**REQUIREMENT:** The answer must consist only of the lines in the records below from the line with "The saline wet" to the line with "SED drives use", both included, copied word for word with every picture left out.

**PROVIDED DATA:**

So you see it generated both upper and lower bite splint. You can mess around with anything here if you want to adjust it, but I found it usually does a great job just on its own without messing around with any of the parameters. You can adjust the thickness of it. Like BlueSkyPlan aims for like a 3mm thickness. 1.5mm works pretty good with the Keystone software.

==

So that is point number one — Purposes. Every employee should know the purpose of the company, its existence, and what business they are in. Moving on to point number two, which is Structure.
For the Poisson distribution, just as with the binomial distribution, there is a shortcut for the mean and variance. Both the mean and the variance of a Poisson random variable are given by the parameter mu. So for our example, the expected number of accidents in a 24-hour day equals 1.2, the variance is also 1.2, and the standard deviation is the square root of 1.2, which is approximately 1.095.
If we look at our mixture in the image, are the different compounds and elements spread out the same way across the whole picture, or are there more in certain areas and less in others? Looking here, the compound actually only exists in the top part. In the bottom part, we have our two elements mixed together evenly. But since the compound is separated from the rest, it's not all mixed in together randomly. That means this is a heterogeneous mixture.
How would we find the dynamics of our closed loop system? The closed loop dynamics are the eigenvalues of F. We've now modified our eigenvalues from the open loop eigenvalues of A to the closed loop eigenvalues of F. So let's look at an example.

---

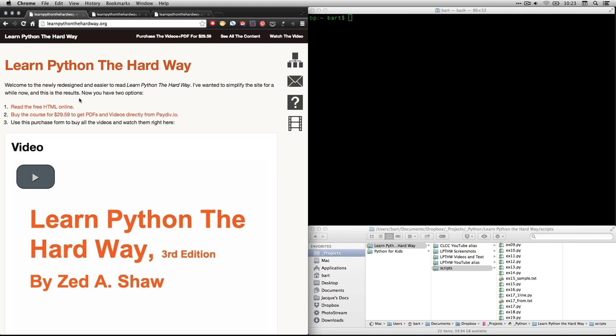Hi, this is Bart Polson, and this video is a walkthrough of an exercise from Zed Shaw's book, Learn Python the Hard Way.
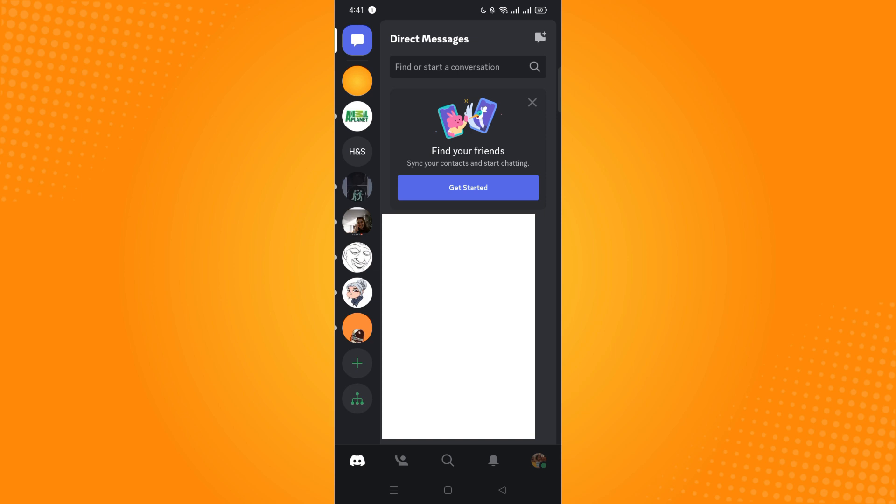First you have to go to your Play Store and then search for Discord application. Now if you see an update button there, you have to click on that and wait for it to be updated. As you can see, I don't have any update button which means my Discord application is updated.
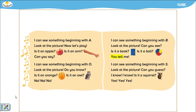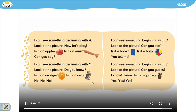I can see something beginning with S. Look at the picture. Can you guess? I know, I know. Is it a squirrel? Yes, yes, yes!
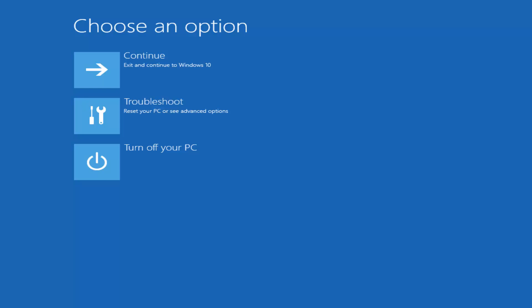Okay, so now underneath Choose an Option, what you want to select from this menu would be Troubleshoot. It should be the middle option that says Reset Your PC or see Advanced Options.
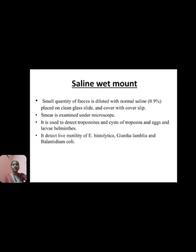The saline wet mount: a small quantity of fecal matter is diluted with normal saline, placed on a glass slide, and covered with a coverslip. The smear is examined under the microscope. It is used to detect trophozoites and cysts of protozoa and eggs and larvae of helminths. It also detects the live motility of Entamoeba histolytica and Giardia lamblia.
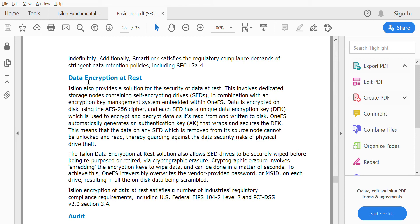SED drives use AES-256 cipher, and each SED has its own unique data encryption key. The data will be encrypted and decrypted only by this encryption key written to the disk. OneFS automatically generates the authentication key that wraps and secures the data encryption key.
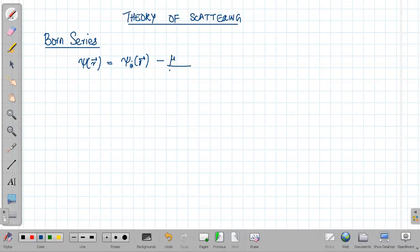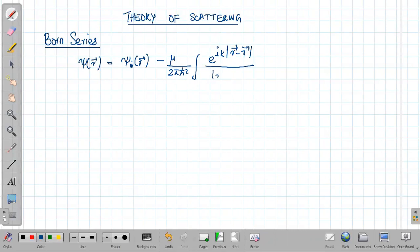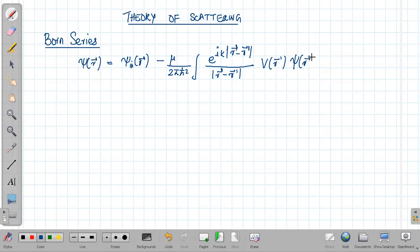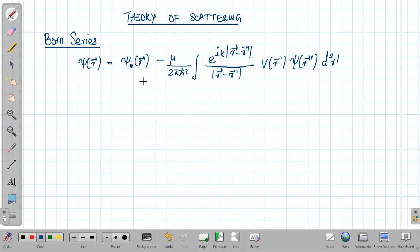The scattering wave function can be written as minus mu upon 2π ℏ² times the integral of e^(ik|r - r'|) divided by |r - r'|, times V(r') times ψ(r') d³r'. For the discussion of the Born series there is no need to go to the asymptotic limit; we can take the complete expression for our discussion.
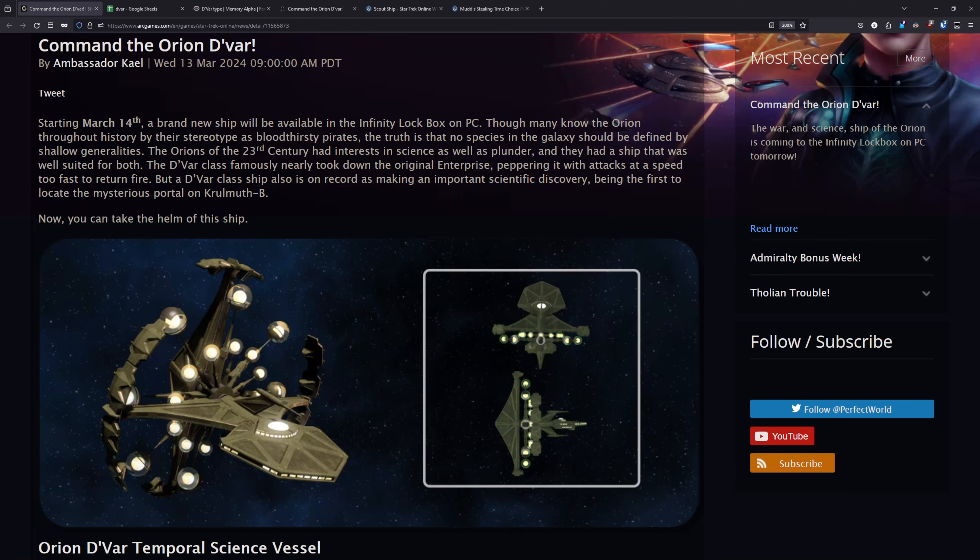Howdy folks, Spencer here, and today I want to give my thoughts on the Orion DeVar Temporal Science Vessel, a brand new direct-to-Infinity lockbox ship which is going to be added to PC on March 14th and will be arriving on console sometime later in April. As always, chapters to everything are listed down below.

**WRITTEN RESPONSE:**
The saline wet mount: a small quantity of fecal matter is diluted with normal saline, placed on a glass slide, and covered with a coverslip. The smear is examined under the microscope. It is used to detect trophozoites and cysts of protozoa and eggs and larvae of helminths. It also detects the live motility of Entamoeba histolytica and Giardia lamblia.
SED drives use AES-256 cipher, and each SED has its own unique data encryption key. The data will be encrypted and decrypted only by this encryption key written to the disk. OneFS automatically generates the authentication key that wraps and secures the data encryption key.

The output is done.